Updated

Health and humanitarian workers in war zones are facing unabated and increasing attacks "and the impact on civilians is nothing but catastrophic," the president of the International Committee of the Red Cross said Monday.

Peter Maurer told an informal Security Council meeting that three years after the council adopted a landmark resolution urging all countries to take action to prevent violence and threats against medical and aid workers, "the evidence of meaningful change on the ground is scarce."

"The taboo that warring parties would not attack aid workers has been trashed," he said. "We need strong leadership, political will and determined action to restore this taboo."

Maurer said health services in conflict "must be protected in a neutral humanitarian space and not be part of military strategies to defeat the adversary." And he said "rhetoric and practices which exclude adversaries — for example those labeled 'terrorists' — from basic health services must stop," and "public health regulations must not be tainted by political and military considerations."

U.N. humanitarian chief Mark Lowcock told the council that when he started working on these issues over 30 years ago "there was a broadly shared assumption that in most circumstances warring parties would not attack aid workers."

In the last years, however, he said, "humanitarian and medical workers have systematically become targets of attack."

Last year, Lowcock said, 317 attacks against aid workers resulted in 113 deaths, according to the aid worker security database.

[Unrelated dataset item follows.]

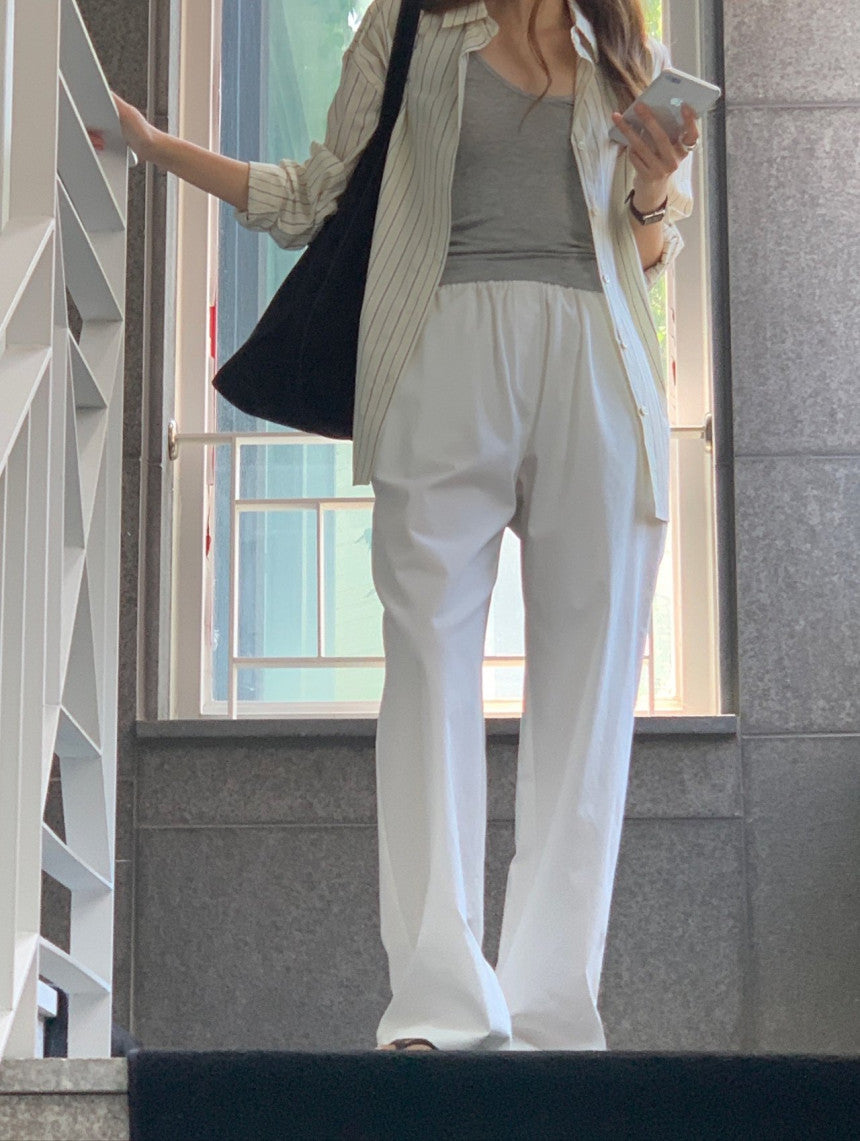 Essential semi wide banding pants-4col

And 388 attacks against health personnel or facilities resulted in more than 300 deaths, according to the World Health Organization, he said.

The undersecretary-general for humanitarian affairs called for better equipment and vehicles to improve security especially for local staff, saying about "94 percent of aid workers who were wounded, killed or abducted in 2018 were nationals of the country in which they were working."

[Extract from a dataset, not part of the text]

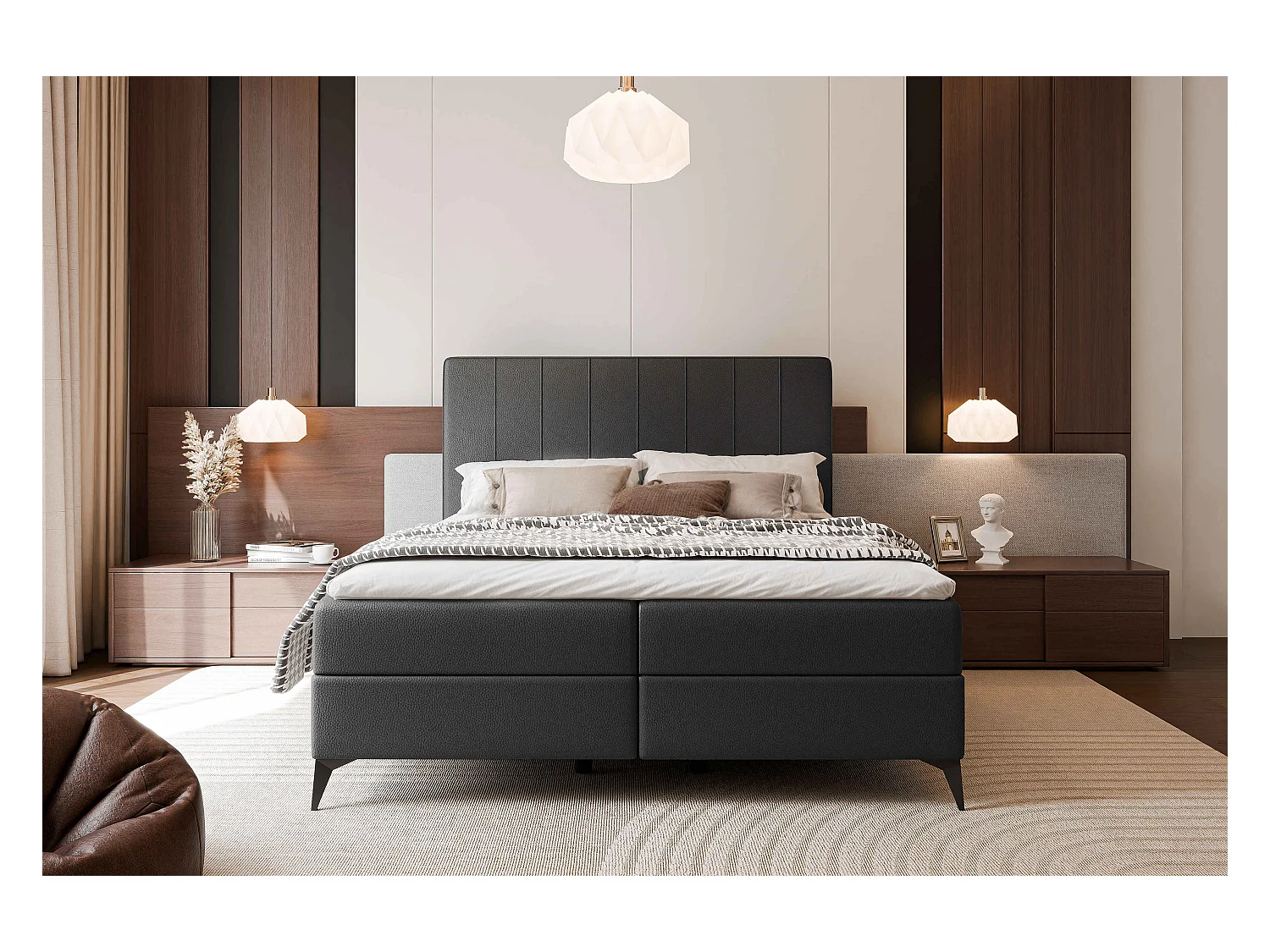 Lit continental rembourré avec surmatelas, noir  - 160x200 - VERA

Lowcock said cooperation between civilian and military authorities is also important, explaining that this has enabled U.N. humanitarian staff to run the world's biggest relief operation for between 8 million and 10 million people in Yemen in the last 12 months.

Trust is essential, he added, but it can only be sustained if governments don't politicize assistance or criminalize engagement or aid to particular groups.

David Milliband, president of the International Rescue Committee, told the council that with increasing attacks on aid and health workers, it's time for action.

He called for an immediate and independent investigation of every aid worker's death and urged governments to bring perpetrators to justice.

Milliband asked the council a series of questions including: "Will you block attempts to criminalize our ability to engage with armed actors in the name of counter-terror restrictions? ... Will you seek and speak the truth no matter how powerful the state, how sensitive the topic, or how uncomfortable the question?"

Milliband said IRC staff are waiting for action in Syria where they face increasing attacks, in Congo "where we are working to control an Ebola outbreak amid relentless arson attacks against treatment centers," and in Yemen, "where Houthi (rebels') land-mines and (Saudi-led) coalition airstrikes mean humanitarians risk their lives with every movement."